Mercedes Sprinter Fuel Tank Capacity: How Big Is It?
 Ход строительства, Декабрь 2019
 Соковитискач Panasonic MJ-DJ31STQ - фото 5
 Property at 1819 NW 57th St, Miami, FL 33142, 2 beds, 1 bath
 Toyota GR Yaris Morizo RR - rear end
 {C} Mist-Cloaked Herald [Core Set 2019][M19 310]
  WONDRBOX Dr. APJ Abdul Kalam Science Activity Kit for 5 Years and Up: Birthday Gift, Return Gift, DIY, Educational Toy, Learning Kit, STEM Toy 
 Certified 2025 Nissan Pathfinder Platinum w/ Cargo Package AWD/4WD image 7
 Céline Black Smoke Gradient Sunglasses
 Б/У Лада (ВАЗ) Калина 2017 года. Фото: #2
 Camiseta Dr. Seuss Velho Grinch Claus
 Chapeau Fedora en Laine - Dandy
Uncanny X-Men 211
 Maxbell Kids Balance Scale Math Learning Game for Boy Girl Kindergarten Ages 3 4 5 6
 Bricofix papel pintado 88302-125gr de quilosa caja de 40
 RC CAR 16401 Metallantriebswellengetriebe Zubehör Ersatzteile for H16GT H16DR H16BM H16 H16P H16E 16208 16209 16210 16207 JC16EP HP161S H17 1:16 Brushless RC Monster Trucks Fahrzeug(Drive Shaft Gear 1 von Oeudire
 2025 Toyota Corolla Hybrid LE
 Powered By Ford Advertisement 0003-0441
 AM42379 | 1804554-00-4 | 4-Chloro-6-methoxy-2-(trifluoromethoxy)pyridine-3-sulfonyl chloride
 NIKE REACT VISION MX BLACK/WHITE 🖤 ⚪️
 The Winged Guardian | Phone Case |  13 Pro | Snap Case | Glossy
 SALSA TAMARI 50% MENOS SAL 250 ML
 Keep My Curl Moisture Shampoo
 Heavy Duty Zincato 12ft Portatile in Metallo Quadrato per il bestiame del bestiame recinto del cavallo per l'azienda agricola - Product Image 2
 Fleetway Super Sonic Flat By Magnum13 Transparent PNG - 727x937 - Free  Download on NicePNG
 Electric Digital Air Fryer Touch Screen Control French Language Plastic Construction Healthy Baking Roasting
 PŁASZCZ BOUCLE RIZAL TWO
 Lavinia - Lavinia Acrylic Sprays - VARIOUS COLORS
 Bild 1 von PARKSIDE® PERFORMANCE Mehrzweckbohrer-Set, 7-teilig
○ ○ ○
Task: Lines to set down from above: the line with "2025 Toyota Corolla Hybrid LE", the line with "Keep My Curl Moisture Shampoo", and every line between, each exactly as written.

Result for this exercise:
 2025 Toyota Corolla Hybrid LE
 Powered By Ford Advertisement 0003-0441
 AM42379 | 1804554-00-4 | 4-Chloro-6-methoxy-2-(trifluoromethoxy)pyridine-3-sulfonyl chloride
 NIKE REACT VISION MX BLACK/WHITE 🖤 ⚪️
 The Winged Guardian | Phone Case |  13 Pro | Snap Case | Glossy
 SALSA TAMARI 50% MENOS SAL 250 ML
 Keep My Curl Moisture Shampoo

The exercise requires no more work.